Today I finished the first draft of a novel I've been working on for about six months, tenatively titled Human Blood. (Macabre, right? Hehe...)
I love writing first drafts. Not that it can't be challenging in and of itself, but the first draft is like a roller coaster to me: fun and exciting, and you have no idea what's coming next. I don't generally know much about my story when I start a first draft. I'll have a few vague ideas, but no clue how I'm putting them together. Maybe I'll know the beginning. Maybe I'll know the ending. But I never have any idea how I'm getting there.
When I started Human Blood, I had only one scene and one character. There was blood and death, but I had no idea how it happened or what it had to do with my narrator. Originally, I had envisioned it as a short-short, a teasing little piece of flash fiction.
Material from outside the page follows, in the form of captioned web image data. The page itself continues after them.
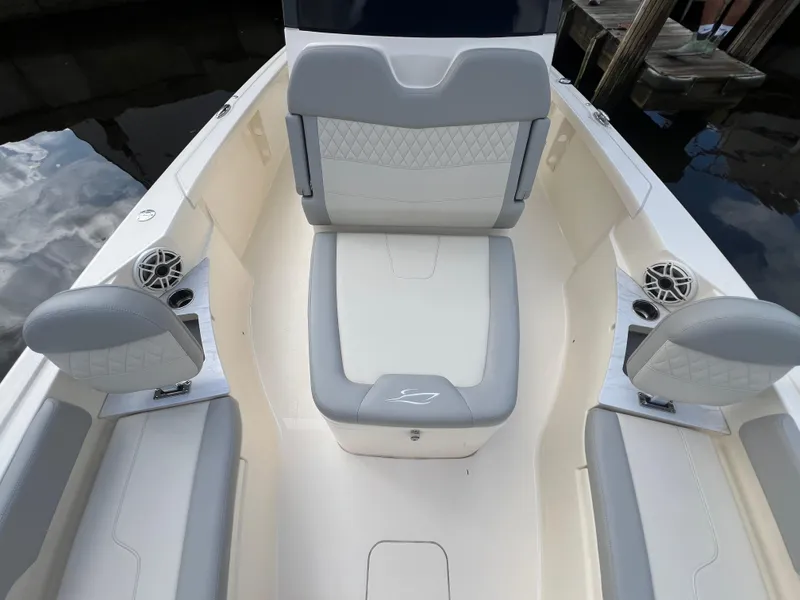 Slide: The Image of 2025 Scout 261 XSS boat interior with gray and white seating, cup holders, and speakers. - 7
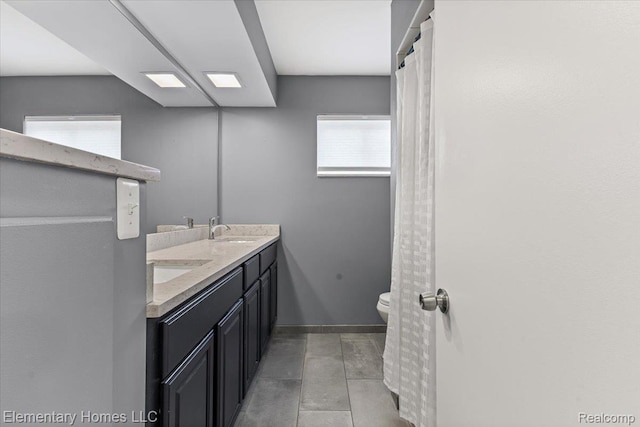 21142 Michael Ct, Saint Clair Shores, MI 48081 - bathroom featuring double vanity and tile patterned flooring
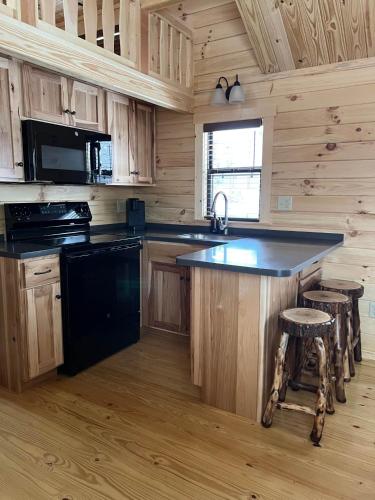 a kitchen with a black island in a log cabin at Tiny Cabin #4 by Windham NY Escape 'Cabin Comfort' in Hensonville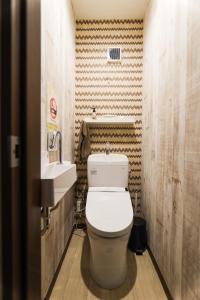 a bathroom with a toilet and a sink at Funabashi-honchou 4choume kodate #MF1 in Funabashi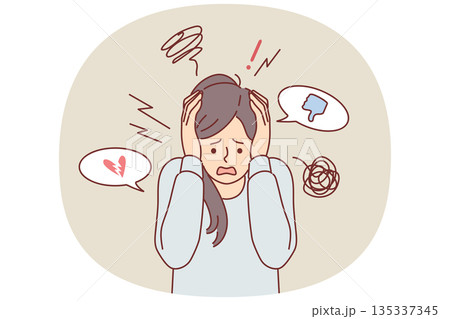 Woman suffers from digital addiction or cyberbullying and screams, clutching head 135337345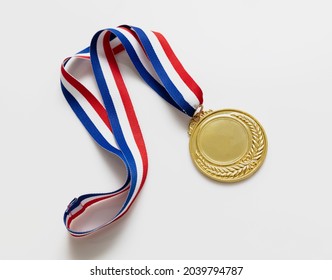 Number one gold medal. Champion first place winner athlete. Prize in sport trophy award and red and blue ribbon isolated on white background. Blank space and laurel wreath, template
Six months and 94,000 words later, I clearly can't call it that anymore!
That all changed when I took the piece to a writer's group that I participate in. After I read it, I was peppered with questions about who my narrator was, why she acted the way she did, whether she was crazy or not, whether she was possessed, etc. (I wasn't offended by these questions. My narrator's behavior was, shall I say, a little outside the mainstream.) At the time, I didn't have any answers to these questions. But my mind--being the weird and strange place that it is--started to chew them over. And I started to write.
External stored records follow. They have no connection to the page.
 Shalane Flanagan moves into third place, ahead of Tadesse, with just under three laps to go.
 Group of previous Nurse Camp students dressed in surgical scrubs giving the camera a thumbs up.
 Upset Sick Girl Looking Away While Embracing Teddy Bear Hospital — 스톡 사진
So when I say that I had absolutely no idea where the story was going when I started, I'm not kidding. Writing the first draft has been a big, exciting adventure for me. You open up that MS Word file for the first time, and the possibilities are limitless. All avenues are open to you. The sky's the limit!
But if first drafting is a big, exciting adventure, revising is like solving a Rubix cube or a Soduku puzzle--neither of which I'm any good at! Six months ago I had no idea where the story was going. Now, I know exactly who these characters are and why they've acted the way they did. But I know the story has rough spots; I already have a sense of what some of them are, and I'm going to work on them. Others, I won't figure out until someone actually reads the story. But the possibilities are no longer endless. To make this story stronger, I have to work within the framework of what I've already created.
So maybe the Rubix cube and Soduku puzzle weren't the best metaphors. It's more like Jenga--that game where you attempt to remove individual blocks from a tower without knocking over the rest. It's one thing to copy edit and wordsmith. It's another to change entire scenes. If I change a scene on page 50, how is that going to affect how things play out on page 200? How can I do this without messing up the rest of the story? Jenga. Also, there's no one right way to do it. What doesn't work for one reader might be the best part of the story for another. Who's right? Who's wrong? What do I do to keep from strangling people? Revision, for me, is scary and frustrating and makes me want to pull my hair out.
But I know this is a necessary part of the process, and I know if I want to make that transition from "hobbyist" to "professional," it's something I must do. So I'll suck it up, and I'll do the best I can. And meanwhile, I may work on another first draft just to break some of the tension inherent to my revision process. I have another idea bouncing around in my head, and it's a little lighter and funnier than the one I've been working on.
Something tells me "light" and "funny" are exactly what I'm going to need while I'm revising.